The term fipple specifies a variety of end-blown flute that includes the flageolet, recorder, and tin whistle. The Hornbostel–Sachs system for classifying musical instruments places this group under the heading "Flutes with duct or duct flutes." The label "fipple flute" is frequently applied to members of the subgroup but there is no general agreement about the structural detail of the sound-producing mechanism that constitutes the fipple itself.
As is clear from the Hornbostel-Sachs heading, there are several ways in which a duct can be formed. These include the player's lips controlling the stream of air as it is directed to the edge, without mechanical assistance. Common examples of this are the end-blown ney and the side-blown concert flute. The first attested use of the term fipple is in a comparison between the recorder and the transverse flute by Francis Bacon, published in 1626.
By this description, the fipple is a plug that nearly closes one end of the pipe, open only for the duct that "straightens” the channel of air blown axially into the instrument. The solid "stop" near the mouth hole or embouchure on a pipe that is blown transversely is analogous to it. This provides historical justification for using the term "fipple flute" to designate a recorder (cf. the German term Blockflöte). Subsequent authors have used the term in that sense but differ in the element of the mechanical aggregate illustrated above that they regard specifically as the fipple. That word is used variously to designate the block, the edge, the full block-duct-edge structure, and the entire instrument. This ambiguity is detailed in the article headed Fipple in Grove Music Online, which concludes, "Since nobody can agree what the term means, to avoid further confusion its use should be abandoned." In the text below, what might otherwise be termed a fipple flute is referred to as a duct flute.
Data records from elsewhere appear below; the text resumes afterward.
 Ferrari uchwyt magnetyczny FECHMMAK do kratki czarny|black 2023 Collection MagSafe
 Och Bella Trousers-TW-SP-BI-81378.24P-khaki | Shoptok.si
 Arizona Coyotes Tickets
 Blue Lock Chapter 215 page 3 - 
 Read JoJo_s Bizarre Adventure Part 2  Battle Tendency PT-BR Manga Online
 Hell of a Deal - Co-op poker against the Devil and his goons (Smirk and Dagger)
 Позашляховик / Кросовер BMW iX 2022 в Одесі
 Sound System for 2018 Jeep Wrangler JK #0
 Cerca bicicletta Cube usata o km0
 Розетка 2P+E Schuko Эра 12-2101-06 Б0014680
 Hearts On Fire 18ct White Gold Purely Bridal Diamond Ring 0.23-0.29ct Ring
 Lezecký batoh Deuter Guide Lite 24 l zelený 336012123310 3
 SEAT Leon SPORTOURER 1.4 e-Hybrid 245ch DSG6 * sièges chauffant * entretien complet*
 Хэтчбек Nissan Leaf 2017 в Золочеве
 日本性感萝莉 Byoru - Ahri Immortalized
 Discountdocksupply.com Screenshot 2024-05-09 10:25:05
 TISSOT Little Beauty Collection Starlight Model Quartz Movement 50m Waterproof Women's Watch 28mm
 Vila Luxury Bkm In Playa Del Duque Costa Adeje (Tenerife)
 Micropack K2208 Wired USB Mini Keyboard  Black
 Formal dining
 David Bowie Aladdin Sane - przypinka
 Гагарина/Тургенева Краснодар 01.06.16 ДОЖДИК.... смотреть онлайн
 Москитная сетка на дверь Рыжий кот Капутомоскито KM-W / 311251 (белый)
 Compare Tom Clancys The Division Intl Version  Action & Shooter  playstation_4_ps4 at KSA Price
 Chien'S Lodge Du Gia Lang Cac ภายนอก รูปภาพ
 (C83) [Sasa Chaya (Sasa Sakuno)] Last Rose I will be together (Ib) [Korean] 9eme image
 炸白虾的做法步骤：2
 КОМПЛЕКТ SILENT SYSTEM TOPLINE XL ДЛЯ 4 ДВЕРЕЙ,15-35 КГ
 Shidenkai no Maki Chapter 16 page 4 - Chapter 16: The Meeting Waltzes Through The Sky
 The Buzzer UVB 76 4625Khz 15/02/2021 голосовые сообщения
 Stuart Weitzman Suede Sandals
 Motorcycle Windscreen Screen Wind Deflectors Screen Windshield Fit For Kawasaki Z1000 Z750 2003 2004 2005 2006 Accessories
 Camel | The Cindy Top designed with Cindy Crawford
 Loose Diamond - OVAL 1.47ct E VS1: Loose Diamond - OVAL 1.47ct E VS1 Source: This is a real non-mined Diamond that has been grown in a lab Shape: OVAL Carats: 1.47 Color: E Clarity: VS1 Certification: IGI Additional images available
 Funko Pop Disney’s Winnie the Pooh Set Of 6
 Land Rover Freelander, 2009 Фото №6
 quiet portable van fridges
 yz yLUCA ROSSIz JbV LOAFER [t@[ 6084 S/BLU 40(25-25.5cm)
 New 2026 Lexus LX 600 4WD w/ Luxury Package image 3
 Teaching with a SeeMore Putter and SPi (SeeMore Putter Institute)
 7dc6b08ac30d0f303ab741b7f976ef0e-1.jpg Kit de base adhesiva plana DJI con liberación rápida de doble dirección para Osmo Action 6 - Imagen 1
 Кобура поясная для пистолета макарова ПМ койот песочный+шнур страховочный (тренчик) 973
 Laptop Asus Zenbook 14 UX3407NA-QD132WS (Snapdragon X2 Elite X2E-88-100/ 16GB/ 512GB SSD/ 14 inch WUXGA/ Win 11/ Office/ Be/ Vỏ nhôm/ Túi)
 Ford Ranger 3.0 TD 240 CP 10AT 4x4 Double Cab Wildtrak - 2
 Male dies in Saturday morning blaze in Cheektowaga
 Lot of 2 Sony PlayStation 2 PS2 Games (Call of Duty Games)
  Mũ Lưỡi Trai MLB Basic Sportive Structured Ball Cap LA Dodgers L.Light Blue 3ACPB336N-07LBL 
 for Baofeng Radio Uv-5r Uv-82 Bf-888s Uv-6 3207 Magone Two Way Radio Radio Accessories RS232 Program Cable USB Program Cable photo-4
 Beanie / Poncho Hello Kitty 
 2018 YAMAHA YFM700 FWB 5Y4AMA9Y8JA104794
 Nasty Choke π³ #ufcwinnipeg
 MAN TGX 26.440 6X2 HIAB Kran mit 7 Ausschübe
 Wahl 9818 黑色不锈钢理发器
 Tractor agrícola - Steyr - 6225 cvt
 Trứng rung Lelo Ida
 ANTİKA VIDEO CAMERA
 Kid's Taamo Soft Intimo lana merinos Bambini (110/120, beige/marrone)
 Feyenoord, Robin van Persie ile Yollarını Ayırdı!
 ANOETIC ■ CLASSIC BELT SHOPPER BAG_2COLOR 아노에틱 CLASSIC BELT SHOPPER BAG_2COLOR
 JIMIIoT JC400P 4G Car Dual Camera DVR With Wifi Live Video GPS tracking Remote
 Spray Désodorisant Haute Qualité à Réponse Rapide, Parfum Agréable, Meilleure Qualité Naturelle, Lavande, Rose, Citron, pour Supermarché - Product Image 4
The recorder can be used to illustrate further nuance in the design of duct flutes. By definition, the duct is formed by a channel carved into the body of the instrument, and the block. This passage is alternately termed a windway and ends at an opening referred to as a window, bounded by the edge on the opposite side. This rigid structure affords intrinsically less dynamic and intonational flexibility than does, for example, a transverse flute embouchure. This can be offset by other structural details. In the case of the recorder, their presence or absence often differentiates between mass-produced and artisan-built instruments. In a broader context, the difference between one type of duct flute and another is determined both by gross and finer structural detail.
Possibly the oldest discovered fipple instrument is the Wicklow Pipes. Although the instrument as found was incomplete and incomplete, a replica set was playable when fitted with fipples.
L.E. McCullough notes that the oldest surviving whistles date from the 12th century, but that, "Players of the feadan are also mentioned in the description of the King of Ireland's court found in Early Irish law dating from the 7th and 8th centuries A.D."
The Tusculum whistle is a 14-cm whistle with six finger holes, made of brass or bronze, found with pottery dating to the 14th and 15th centuries; it is currently in the collections of the National Museums Scotland.
One of the earliest surviving recorders was discovered in a castle moat in Dordrecht, the Netherlands in 1940, and has been dated to the 14th century. It is largely intact, though not playable. A second more or less intact 14th century recorder was found in a latrine in northern Germany (in Göttingen): other 14th-century examples survive from Esslingen (Germany) and Tartu (Estonia). There is a fragment of a possible 14th-15th-century bone recorder in Rhodes (Greece); and there is an intact 15th-century example from Elblag (Poland).